Her response came in the mail yesterday, and it killed any lingering hopes I had that the House would hold Bush accountable for his crimes. DeLauro acknowledges the illegality and incompetence of the administration’s dealings with Iraq and interrogation programs. She then outlines Kucinich’s case and the current status of the articles. However, when it comes time to take a position on them, she hedges:
Although this Administration’s term is coming to an end, you can be sure that I will continue to moniter the president’s policies and actions. I will use every opportunity in the coming months to encourage real oversight of the federal government and to hold accountable any member of the Bush administration who has engaged in wrongdoing.
We will soon have a new president and administration and it is my hope that this new administration will work with Congress to enact real reform and find solutions to the issues we are currently facing as a nation.

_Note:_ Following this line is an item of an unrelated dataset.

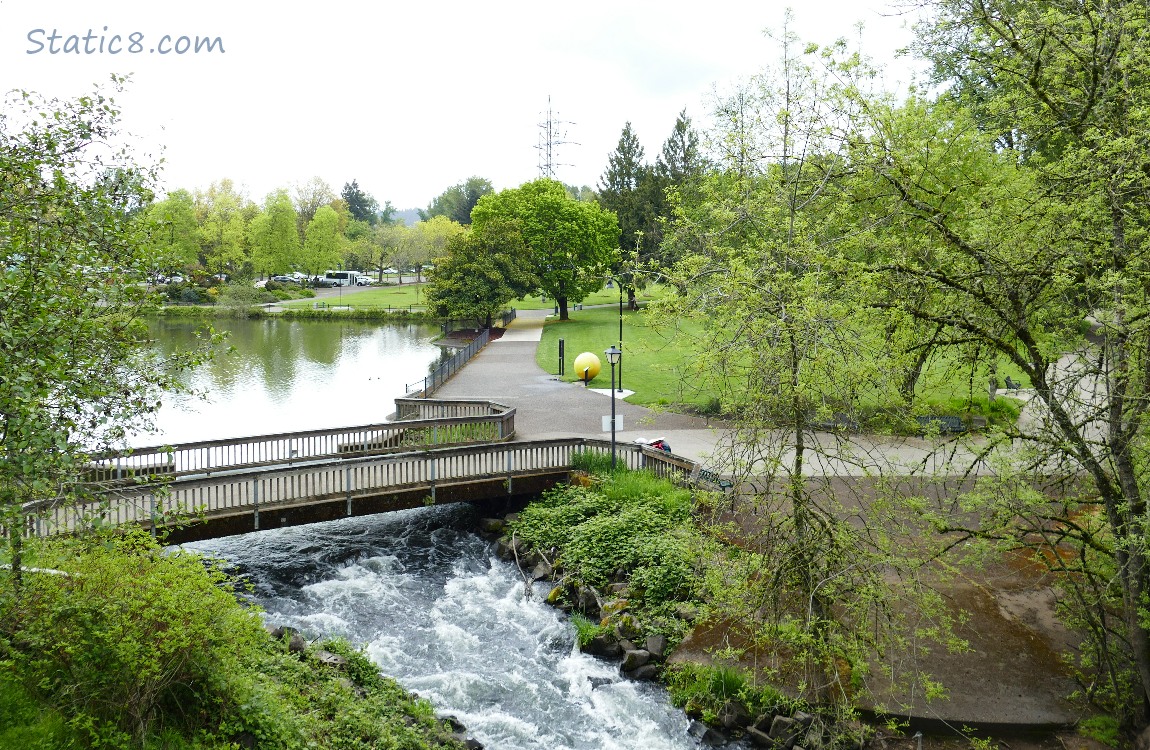 Looking down into Alton Baker Park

What this amounts to is that while Rep. DeLauro might take up the impeachment cause if it actually reaches the House floor, she will not make any special effort to shepherd it through the Judiciary through co-sponsoring it or publicly supporting it. She is content to merely let the clock run out on the Bush term and to hope the next president does a better job.
I am of two minds on this. I believe it is imperative that Congress not create a precedent of failed oversight that could lead to further violations by future administrations. However, I am enough of a pragmatist to realize the political risks of pursuing impeachment. Unfortunately, the Republican attempt to remove Bill Clinton from office was so petty and politically motivated that I fear ‘impeachment’ had become synonymous with ‘power grab’ in the minds of many people, and an attempt to remove him from office would serve only to tarnish the Democratic brand in what is otherwise a potential year of realignment.
Ultimately, while I would love to see impeachment proceedings held, I’ve become resigned to the fact that too may representatives share DeLauro’s point of view for it to happen. While the tendency among the netroots has occasionally been to demonize anti-impeachment Congresspeople, I believe there are far more important measures of performance. It would be very hard to find a significant vote where Rosa DeLauro has broken with the progressive community, and I feel very fortunate to have her as my representative. Yes, I disagree with her on this issue, but she and I are still on the same side against the Bush agenda, and I would be willing to sacrifice even the chance of holding Bush accountable in exchange for more representatives like her.